Kinky Gazpacho: Life, Love and Spain surprised me on many levels. In this travel memoir you follow Lori through her every encounter with international experiences from International Day in third grade, to hosting international students, to spending weeks in Morocco and then to her eternal love affair with Spain (and a Spaniard). Throughout the entire book you get more than just a travel memoir, but you also get to see these experiences through the eyes of a black girl who’s not even sure of her “blackness.” Many people dream of going on that international escapade and falling in love and trying to make an international love affair work – I must admit some of the things that happen in Tharps’s memoir couldn’t have been better scripted on Lifetime. It was a great story and I loved being able to study abroad again through the memoir.

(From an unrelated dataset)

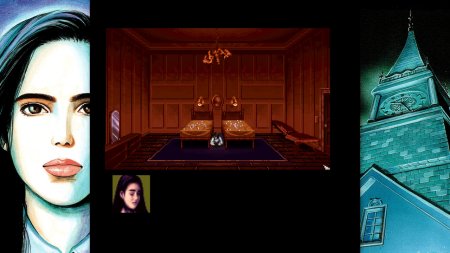игра Clock Tower: Rewind (Limited Run) (Switch) для Nintendo Switch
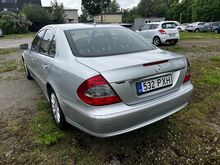 Mercedes-Benz E 200 CDi Elegance 100KW 2007a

More than the history that Tharps discovered and the reflections on race in Milwaukee and Spain, I was most tied to her time actually studying abroad in Spain. For the majority of the beginning of the book I found myself flipping ahead to see how many more chapters before she goes abroad. Those stories are always the most interesting to me. How can you not want to know more about her first marriage proposal by the Moroccan boy with whom her first date consisted of meeting his mother (first date?!?) where they ate in practically total silence? I live for hearing about experiences like those. I also like to hear more about how Americans in other countries adjust to cultural differences. In Kinky Gazpacho, Tharps remarks about the concept of time in Spain after her date, Manuel, shows up 20 minutes late to her home for dinner:
“The concept of time was a very fluid thing. Deadlines were guidelines. And it was true, if you said you were going to meet someone for drinks at six, not until seven o’clock rolled around could you get even slightly worried that they might be late. So I forgave this smiling Spaniard in front of me…”
I can definitely relate to passages like this from my time abroad in Italy and also from being in Dominca for 5 days. Watches are optional, there are no schedules, things happen whenever they happen – it’s freeing but it takes some getting used to. I’d like to thank Lori L. Tharps for reminding me of these awakening experiences where you learn to appreciate the subtleties of other cultures.
Rating: 3.5/5
**Not sure if it’s an editor’s or publisher’s issue but at the beginning of this book there are typos and misspellings that REALLY threw me off – I’m a stickler for those kinds of things and it was kind of a distraction. I didn’t notice many (if any) towards the end of the book though.